研究課題/領域番号 |
21K04971
|
研究種目 |
基盤研究(C)
|
配分区分 | 基金 |
応募区分 | 一般 |
審査区分 |
小区分31020:地球資源工学およびエネルギー学関連
|
研究機関 | 公益財団法人北海道科学技術総合振興センター |
研究代表者 |
村上 拓馬 公益財団法人北海道科学技術総合振興センター, 幌延地圏環境研究所, 研究員 (30422760)
|
研究期間 (年度) |
2021-04-01 – 2024-03-31
|
研究課題ステータス |
完了 (2023年度)
|
配分額 *注記 |
3,900千円 (直接経費: 3,000千円、間接経費: 900千円)
2023年度: 390千円 (直接経費: 300千円、間接経費: 90千円)
2022年度: 1,300千円 (直接経費: 1,000千円、間接経費: 300千円)
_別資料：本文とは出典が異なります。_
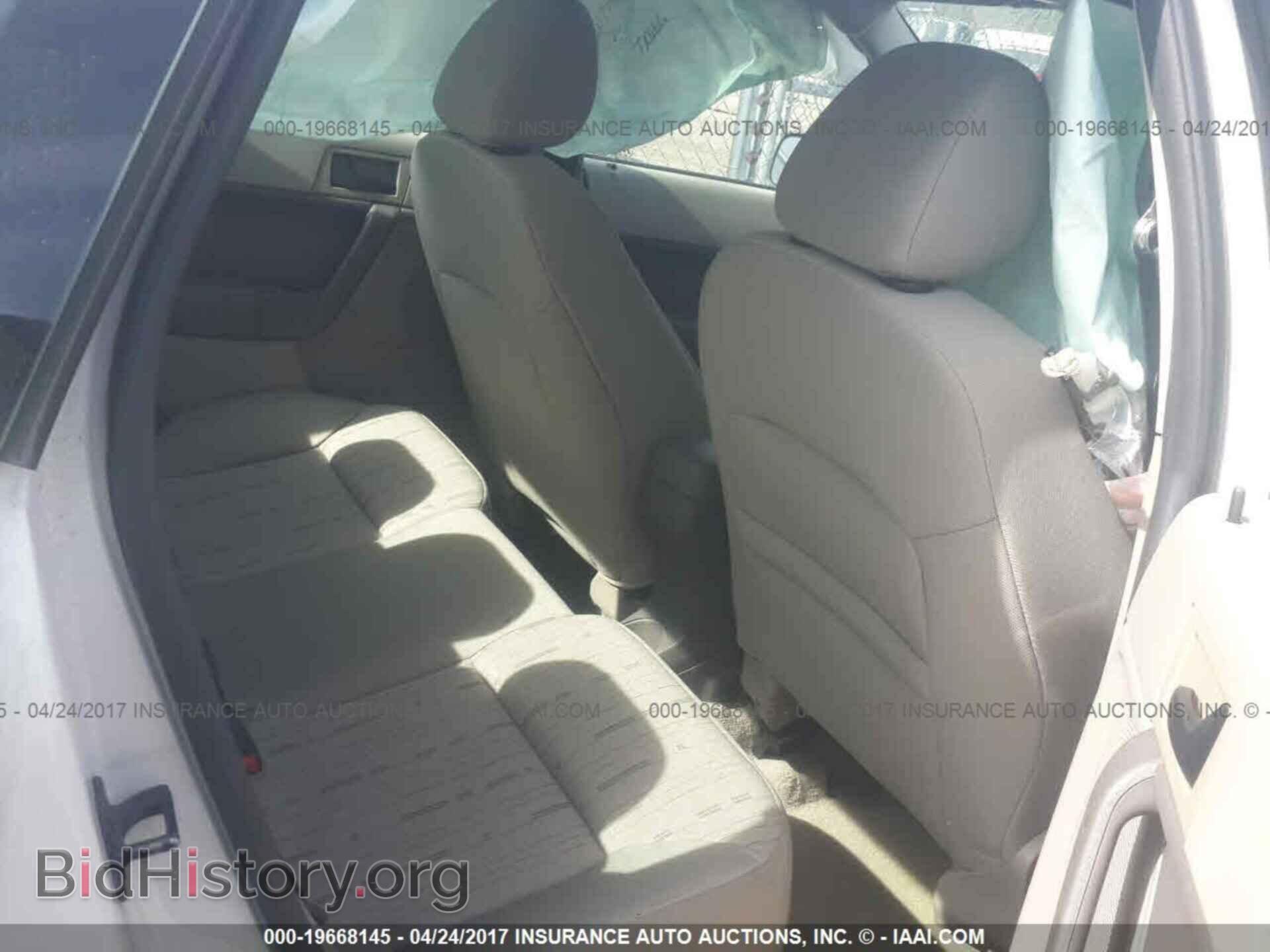 2011 Ford Focus - VIN: 1FAHP3FN5BW123379 - Фото 8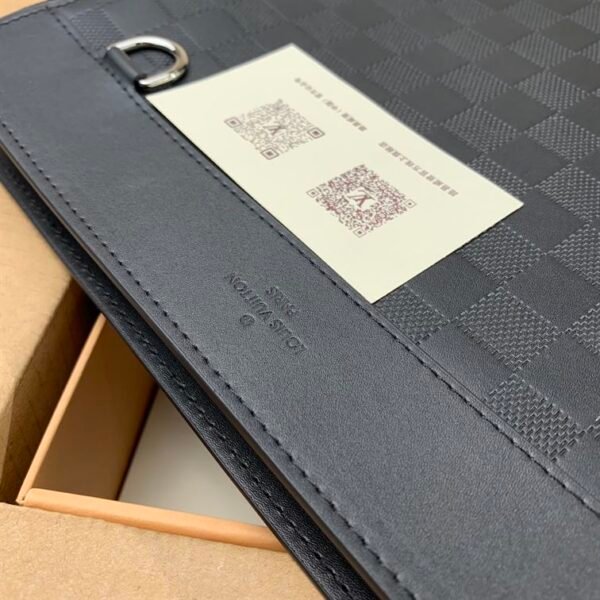 LOUIS VUITTON POCHETTE VOYAGE WALLET - WLV041 - Image 4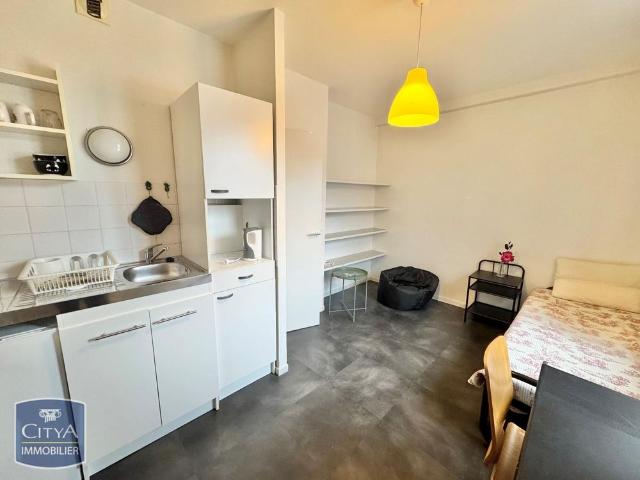 Location Appartement 1 pièce 18m² TOURS 37000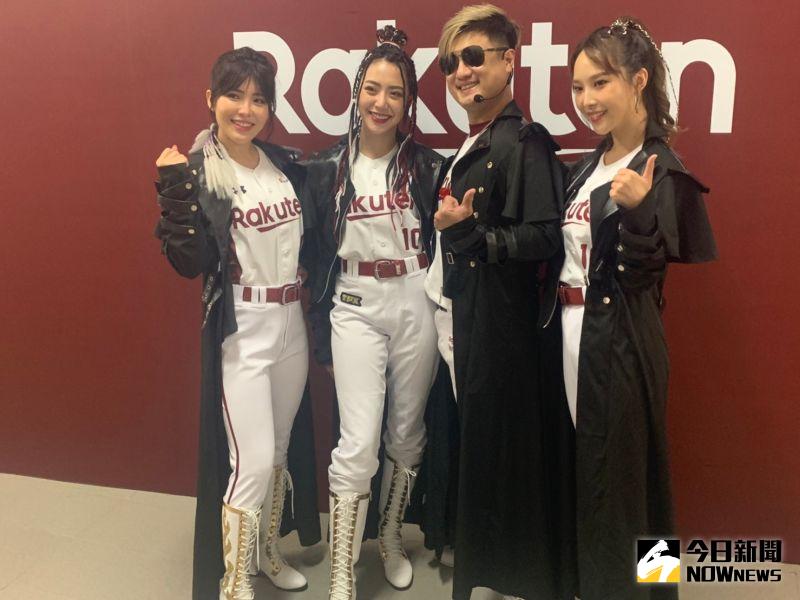 ▲樂天桃猿團長左起壯壯、宋城希、阿誠、Rina。(圖/吳政紘攝)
2021年度: 2,210千円 (直接経費: 1,700千円、間接経費: 510千円)
|
キーワード | ヨウ素 / 地下水 / 堆積岩 / 北海道北部 / 第三系堆積岩 |
研究開始時の研究の概要 |
ヨウ素は日本が世界に輸出できる数少ない資源の1つである。日本で生産されるヨウ素は南関東ガス田をはじめとする水溶性ガス田の地下水から生産され、世界生産量の約30%を担っている。しかし、その起源は堆積岩中の有機物であることがわかっているが、詳細な移行挙動や天然ガスとの関係性は明確ではない。本研究では、その地下水データとその地下水を胚胎する堆積岩中の元素濃度や同位体比を調査することで、地下環境中におけるヨウ素の濃集機構を明らかにし、その起源やヨウ素鉱床の成因を明らかにする事を目的とし、我が国おけるヨウ素資源の確保に貢献する。
|
研究実績の概要 |
本研究では、道北地域の第三紀堆積岩から採取された地下水中に高濃度で含まれるヨウ素の起源とその移行挙動を明らかにすることを目的とした。日本国内で生産されるヨウ素は主に南関東ガス田などの水溶性ガス田の地下水から抽出されており、この地下水は鮮新世から更新世の地層に由来している。しかし、その詳細な起源や移行メカニズムについては十分に理解されていない。本研究では、地下水の年代決定やトレーサーに用いられるヨウ素同位体比の分析を通じて、より深い理解を目指した。 本年度の研究では、昨年度に引き続き、ヨウ素含有量の低い岩石試料のヨウ素抽出試験を実施した。昨年度の分析結果では、抽出溶液中のヨウ素同位体比が1,633〜75,654×10^-14とばらつきが大きく、測定ごとの誤差も顕著であった。これを改善するために、本年度は試料量の増加や抽出前の試料洗浄回数を変更し、12試料を新たに分析し、同位体比は129〜348×10^-14と安定した値が得られた。 本研究期間を通じて、岩石試料のヨウ素同位体比は同じ層準に含まれる地下水中の値よりも高いことが示され、地層内でのヨウ素同位体比の移行には水-岩石間の吸脱着が影響している可能性が示唆された。この吸脱着には微生物の寄与が大きいことが報告されているため、今後の課題として、微生物の影響をより詳細に調査するため、地下環境を模擬した還元環境下でのヨウ素吸着試験の実施や、異なる地質環境での比較研究を実施し、地層内におけるヨウ素の挙動を総合的に理解する必要がある。 本研究の意義と重要性として、道北地域の地下水中におけるヨウ素の高濃度の起源解明により国内外の類似鉱床の形成過程の理解の寄与や、水-岩石間におけるヨウ素の移行メカニズムの解明による高レベル放射性廃棄物の地層処分分野への応用の2点が考えられる。